# Problème avec AirDrop



## padlang (4 Octobre 2015)

Salut j'ai un problème avec AirDrop de mon MacBook Pro 2014. Il ne reconnaît plus mon iPhone ni mon iPad. Est-ce que quelqu'un a une idée?
Merci d'avance


----------



## rama.197 (4 Octobre 2015)

Quelles sont tes versions d'os X et iOS ?


----------



## TweaksJ (4 Octobre 2015)

Bonjour,
Est-ce que AirDrop sur ton iPhone et ton iPad est activé pour être vu par tous le monde? Tu glisse de puis le bas de ton écran vers le haut et ensuite tu cliques sur le symbole AirDrop et finalement tu choisies "Tous le monde" si le "Contact seulement" ne fonctionne pas.

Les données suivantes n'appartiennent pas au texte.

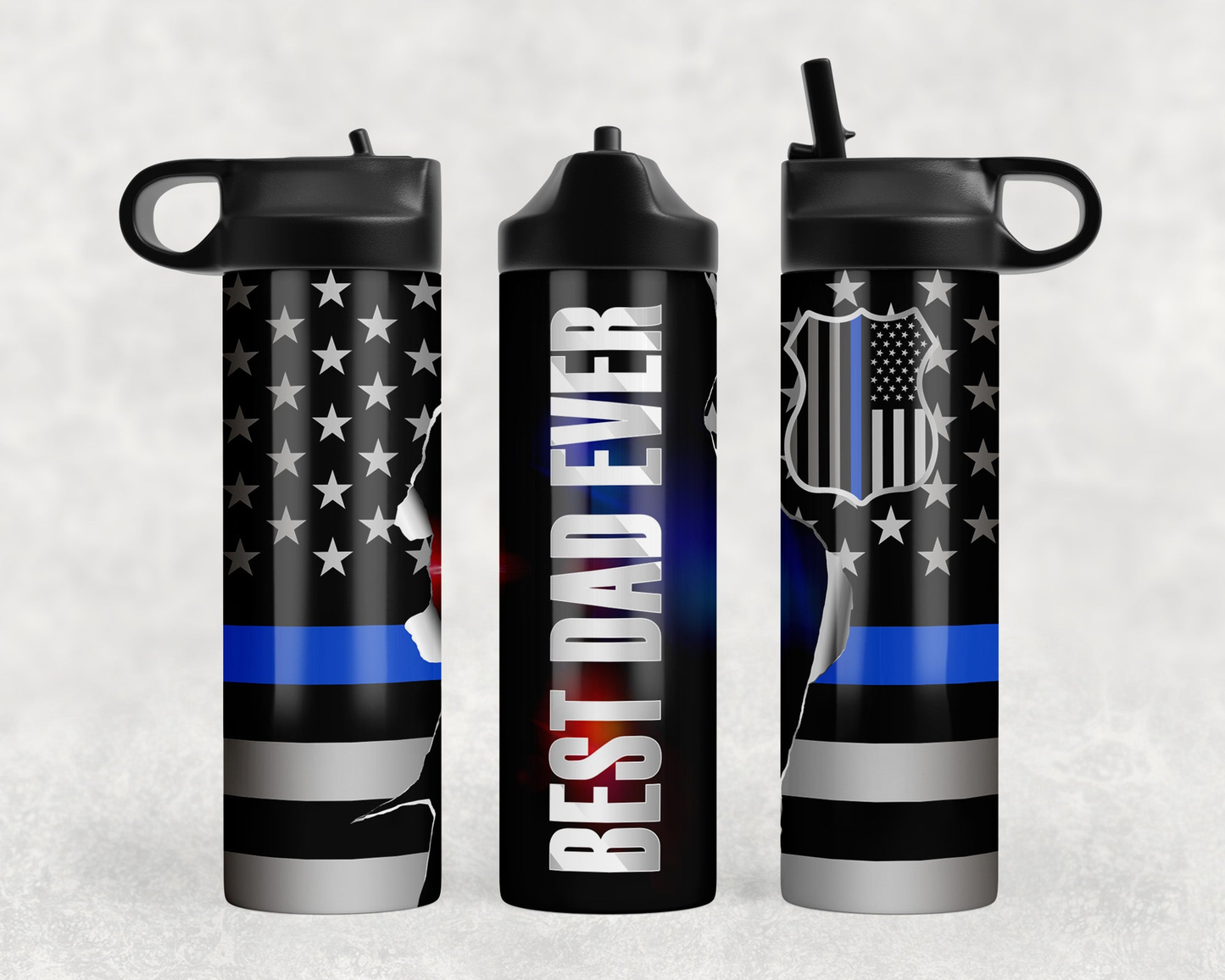 Best Dad Ever law Enforcement Steel Water Bottle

N'hésite pas à nous retenir au courant!

Twitter: @TweaksJ


----------



## padlang (5 Octobre 2015)

Je suis avec El Capitan et iOS 9.0.2.
AirDrop est bien activé sur les 3 appareils. AirDrop fonctionne très bien entre l'iPhone et l'iPad. Ça fait depuis mi-septembre à peu près que ce ne fonctionne plus avec le Mac.


----------



## TweaksJ (5 Octobre 2015)

Je peux essayer chez moi si ça fonctionne et je vous retiens au courant.


----------



## padlang (5 Octobre 2015)

Ok merci


----------



## rama.197 (5 Octobre 2015)

Moi ça fonctionne... iphone 5s ios 9.0.2 et os x 10.11.1 bêta


----------



## TweaksJ (6 Octobre 2015)

Moi ça ne fonctionne pas non plus.


----------



## padlang (6 Octobre 2015)

Je suis content de voir que je ne suis pas le seul. Si quelqu'un peut nous aider, il est le bienvenu. Merci à toi "TweakJ".


----------



## TweaksJ (6 Octobre 2015)

Je crois qu'on est pas que les deux à avoir de soucis. Je ne sais pas si il y a vraiment une solution à part attendre une correction grâce à une mise à jour! [emoji5]️


----------



## ptitloup2106 (14 Octobre 2015)

Même problème pour moi avec un macbook air de 2015 sous El Capitan et un iPhone sous IOS 9...
Mon iPhone et iPad fonctionnent bien en AirDrop mais aucune communication avec le MBA.
Galère, sauveur je t'attends !!!


----------



## NIFUR (14 Octobre 2015)

Des sites américains donnent un élément de réponse...Il y aurait une faille de sécurité avec Airdrop, permettant à des tiers ennemis de pénétrer nos chères données. Ils préconisent de désactiver Airdrop en attendant des meilleurs jours. Ce qui est étonnant c'est que notre presse francophone informatique  est plutôt muette sur ce sujet !!
D'ailleurs n'a t'on pas  des risques encore plus grands avec les cartes bancaires, accessibles via leurs nouvelles puces sans contact, y compris dans les lieux publics et les transports en commun?


----------



## Aigleroyal (15 Octobre 2015)

Salut! Ok, c'est vrai. Parce que suis nouveau chez Apple, je viens d'acquérir un MBA 2015 et un IPad Air 2 depuis le 30 août 2015. J'ai commencé avec Yosemite et iOS 8. Quand le Mac était sous Yosemite, j'avais transféré tous mes fichiers de mon PC à mon MBA et de celui-ci à l'iPad qui était déjà sous iOS 9. Mais, lorsque le MBA est passé sous El Capitan, l'iPad n'est plus visible via AirDrop. Donc, le problème pourrait se résoudre avec mag. Merci.


----------



## padlang (21 Octobre 2015)

Salut je viens de faire une mise à jour OS X 10.11.1 et iOS 9.1. 
Et hop AirDrop remarche. [emoji3]


----------



## city1 (21 Octobre 2015)

Pareil pour moi ça remarche avec IOS 9.1 et OS X 10.11.1


----------



## Fonzerelli (22 Octobre 2015)

Ca fonctionne ! Sacré Apple…


----------



## Aigleroyal (23 Octobre 2015)

Oui, même pour moi ça marche aussi. Je n'ai pas encore mis à jour les appareils depuis le 15 octobre, comme par magie, j'ai constaté que ça marche!!!!


----------



## Aigleroyal (24 Octobre 2015)

Bonjour, je viens de mettre à jour mes iOS et OS X, mais, AirDrop ne fonctionne plus, plan de MBA ne retrouve plus sa position. Il n'est plus localisable. Je ne sais pas ce qui m'arrive !!!!!


----------



## Aigleroyal (26 Octobre 2015)

Ça fonctionne de nouveau, c'est comme si ça prend beaucoup de temps avant la première connexion.


----------